A little disappointed by one of the last outputs by Shipp in a quartet comprising Paul Dunmall, Gereald Cleaver and Joe Morris (here is the review) because of its predictability, I find this other trio album, instead, exquisite, intense, fresh and innovative. Matthew Shipp is, above all, a spiritual musician. The world became aware of him thanks to his work with the great saxophonist David S. Ware, devoted to free jazz and to Ganesh, and thanks to his big open chords and great melodic approach to piano, along with bassist William Parker and many drummers – the one I loved the most was Susie Ibarra – he renowned the great tradition of energy playing, in line with the historical quartet of John Coltrane for the Impulse! label.
That’s why the second, double album in this multiple review article is so important. It is an album by another great pianist – one of the greatest in jazz history to tell you the truth: ‘Muhal’ Richard Abrams, founder of the Association for the Advancement of the Creative Musicians I mentioned in a series of articles about the Art Ensemble of Chicago few years ago. Abrams is a versatile musician: his many records spans through Contemporary Music and Jazz, and if Sightsong, a beautiful album duo with bassist Malachi Favors from the AEoC was a melodic and melancholic output, this other release, titled Sound Dance and issued by PI Recordings in 2011 is dominated by an impressionistic, pointillistic and vibrating style.
The first disc of the set is a duo with saxophonist Fred Anderson, the second features instead George E. Lewis at both trombone and electronics. If during the concert with Anderson it is more clear who is leading and who is accompanying, the second set is the most intriguing for how both the trombone and the electronics are mixing with the piano notes. The drive becomes less evident, almost hidden, and this sensation of uncertainty comes to the listener without a decisive solution, even if the music is capturing the attention with his beauty and peculiarities. After all what we’re listening to is a dialogue, and, as it happens when you speak to another person, sometimes your words are driven more by the person you’re interacting to than by your ideas and concepts. Call it interaction, or relationship: but it’s the same with music and it’s interesting to hear such a thing happening during a performance.
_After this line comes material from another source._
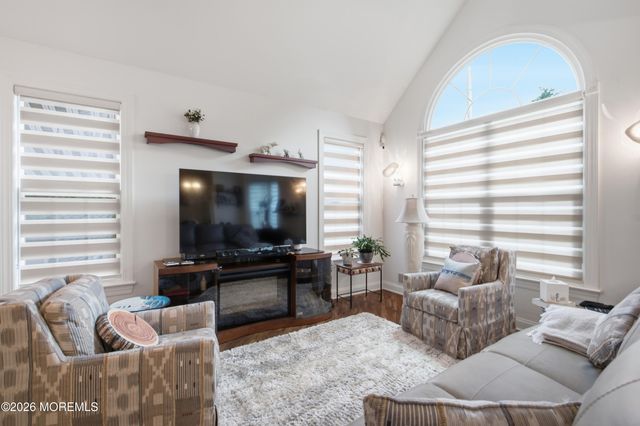 12 Courtyard Lane, Brielle, NJ 08730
The first disk, instead, features three compositions for large ensemble – one, Jalons, directed by Pierre Boulez driving his Ensemble Intercontemporain, plus Keren, for trombone, and Nomos Alpha for cello. These are all compositions by the late Xenakis, who let apart his stochastic approach to music – you can read my monography about the composer in this blog – but who was always curious about pushing the boundaries of the instruments: so in the compositions for ensemble, as an example, you’ll not find the usual glissandi but notes mostly on the higher pitches.
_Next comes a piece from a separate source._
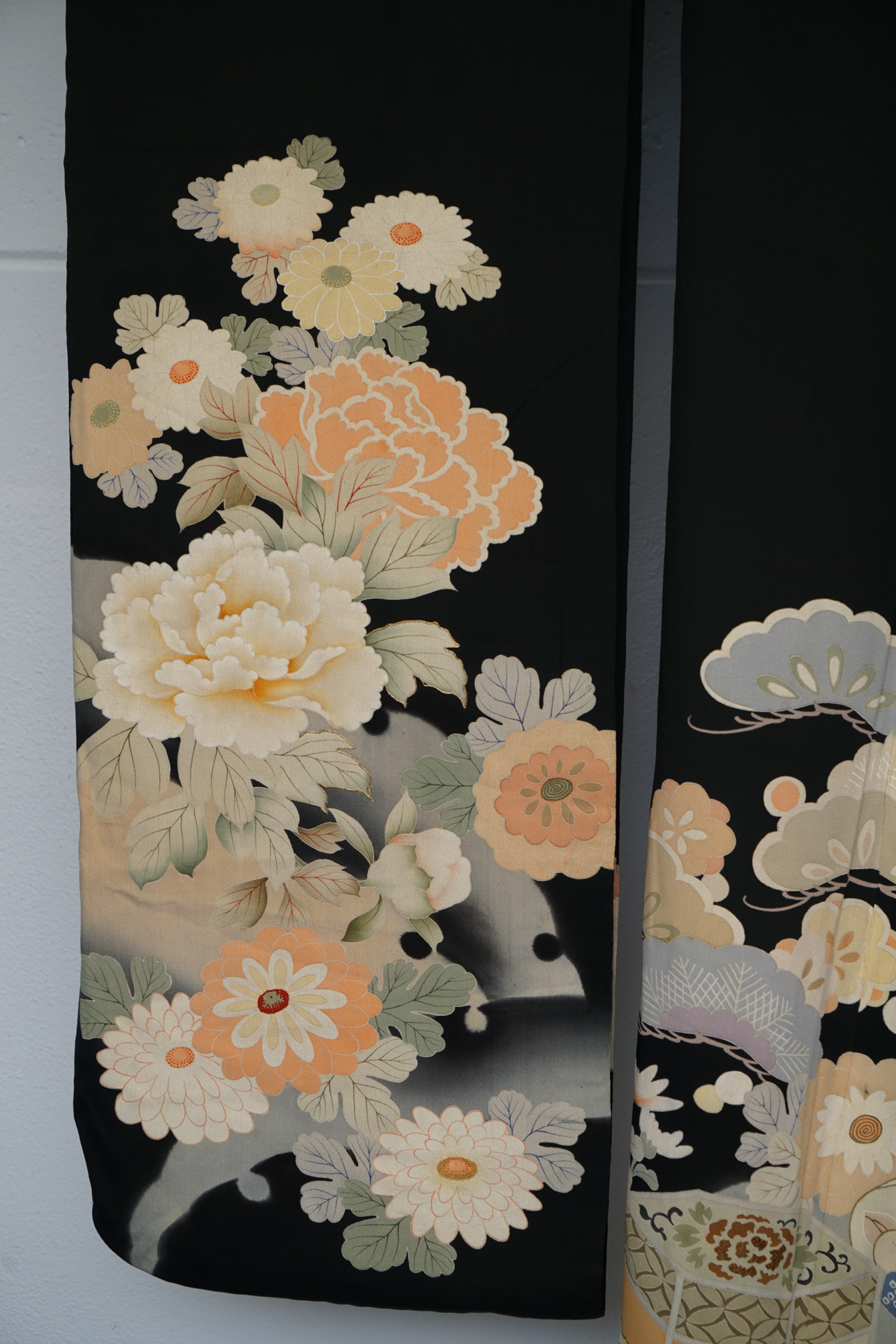 Circa 1890 Antique Handwoven Silk Crepe Formal Five Crested Furisode Kimono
I’ve written three reviews of old music – the two Xenakis CDs were released by Warner Classics in 2007 – because I wanted to recap a little the meaning and the practice of a music that nowadays is losing part of its how-to. As I wrote in the last multiple review, when I look around myself I mostly feel the struggling and the difficulties of a niche to be issued and to be heard by a larger audience, and the difficulties from the younger musicians to build a vision from an inner to an outer world. But since the world of rock and other contaminations has mostly completely gone, improvised music and the avant garde is still the most important tool to critique our society and imagine something better.
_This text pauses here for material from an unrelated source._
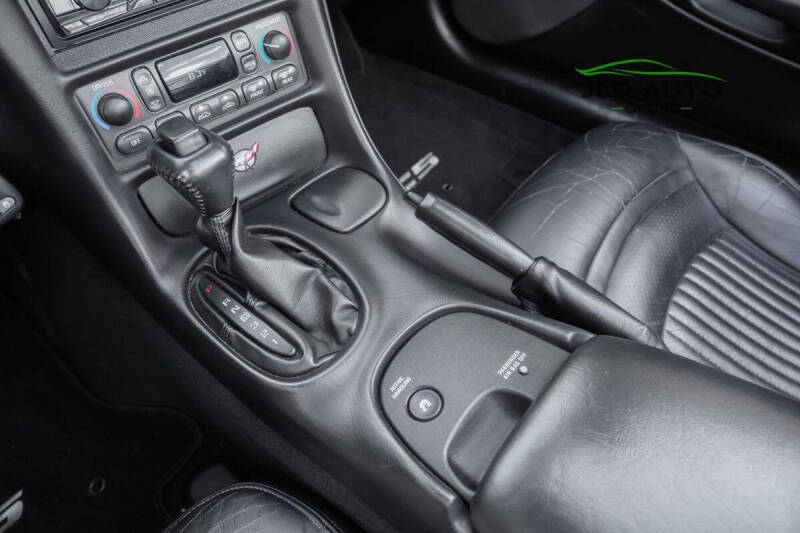 2004 Chevrolet Corvette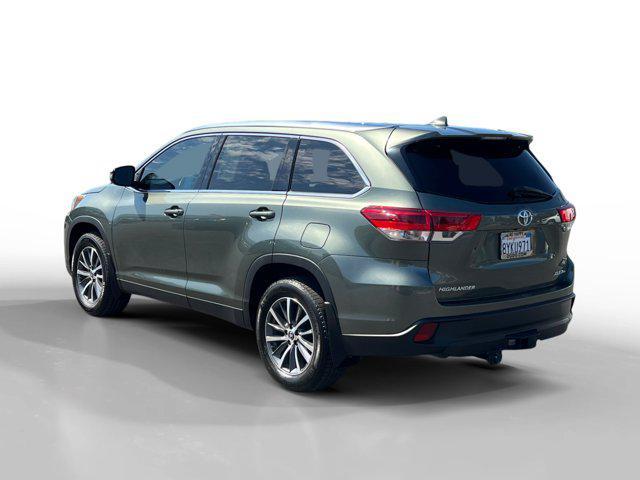 used 2019 Toyota Highlander car, priced at $26,990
From September, other releases are waiting for us: from the new edition of Coltrane’s Blue Train with a disk of never heard before material, to a couple of new releases by the Japanese enfant terrible Keiji Haino, one with SUMAC. I hope to hear all of this stuff and more, but for the moment I wanna go back to the records I bought during these last years and share with you some hidden gems that maybe you have lost through the years. After all, music is a matter of love, and not a matter of being fashionable.